5月3日(木)

午前中はフランクフルト中央駅周辺をぶらり。ドイツ最大の金融街なので、高層ビルを要したさまざまな銀行が多い。市内の中心にはユーロ圏最大の欧州中央銀行がそびえ立っている。いっぽう付近では「Occupy!」の横断幕を掲げたテント集団が居座っていた。おそらくデモが起こればこの一帯は暴徒化するのだろうか。いっぽう市内では大規模な再開発が進んでいた。あらゆる場所で工事中の看板が見受けられる。巨大なクレーン車もフル稼働中で、市内の景観や状況はここ数年で変化するのかもしれない。嵐の前の静けさのなか、シラー像のある公園の鳩たちが呑気に見えた。
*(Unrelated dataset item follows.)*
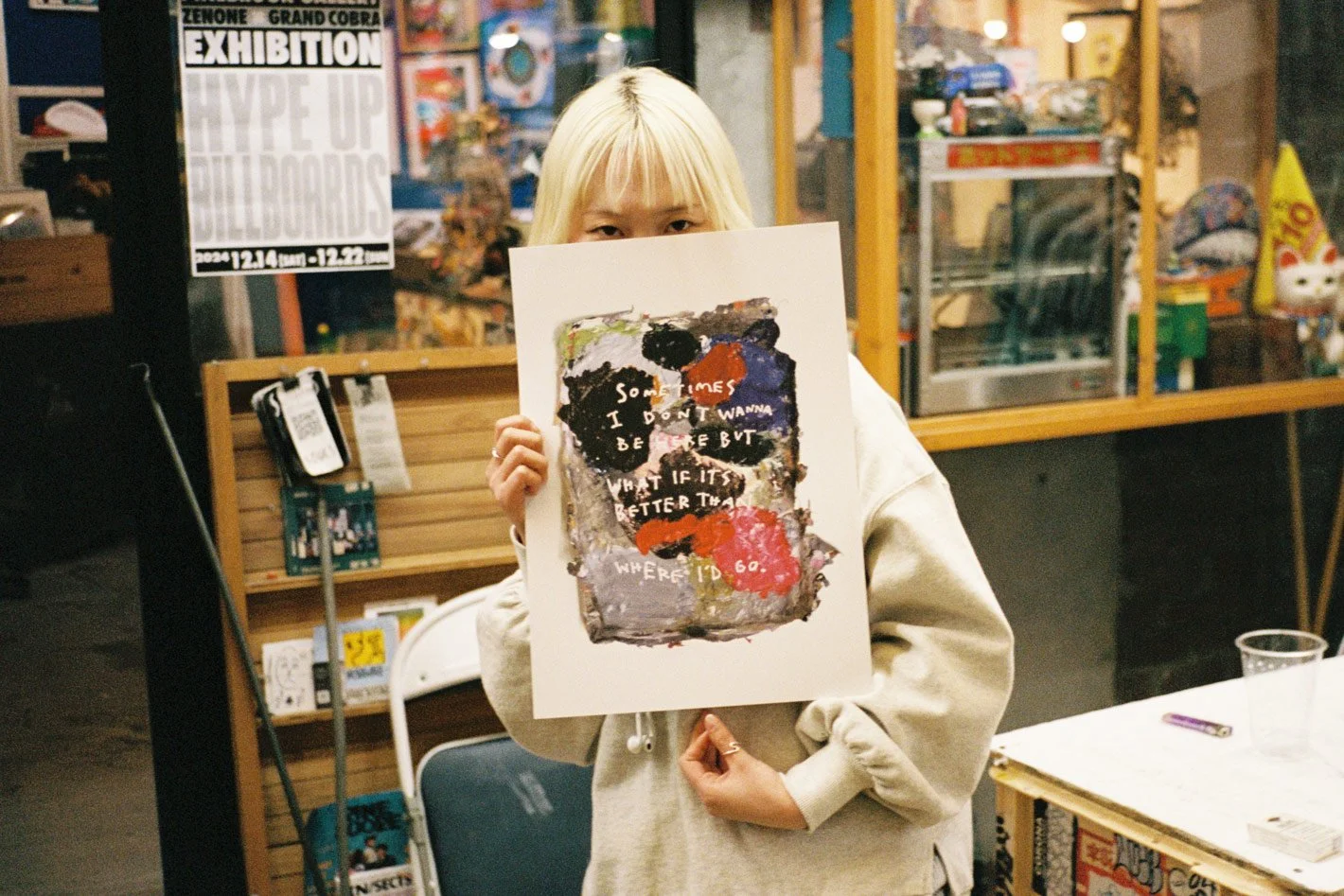 rhys viorr print with an art collector in osaka at the exhibition opening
午後には映画祭会場に戻り、日本で作成したプレス向けのサンプルDVDを設置してもらえるようスタッフの方との交渉。またその後の交流会ではネームプレートに「¥」と大きく書かれた関係者の方々にDVDを配布したりもした。結局日本から用意してきた40枚近いサンプルは、映画祭終了時にはすべてなくなっていた。

22時半からは梅沢圭監督の『Coming out Story』(11)を拝見する。京都在住でトランスジェンダーの中学教諭に密着し、彼女の性適合手術前後をくまなく追いかけた作品だ。だけどこのフィルムは、単に彼女を追いかけるだけの形式にとらわれない。映画の進行につれて彼女を追いかける撮影班のスタッフ、そして監督自身までもが自らの性と向き合っていくのだ。それは「自分は女性ではないのか」と戸惑う撮影班のスタッフにカメラが向けられ、「たのむから撮らないでくれ」と衝突する緊迫感によって体現される。または監督自身の回想を交えたナレーションによってなのかもしれない。そうしたジェンダーへの意識に端を発した入れ子構造のカミングアウトのなかで、どんなに酔いつぶれても酒を呑みまくろうとする中学教諭とそれを気づかう友人の姿に、客席からは安堵にも似た表情が見受けられる。お好み焼き屋で友人と語り合い、一度店を出るものの「もういっちょ呑むか!」とふたたびその暖簾をくぐる姿には、どこか突き動かされるものがあった。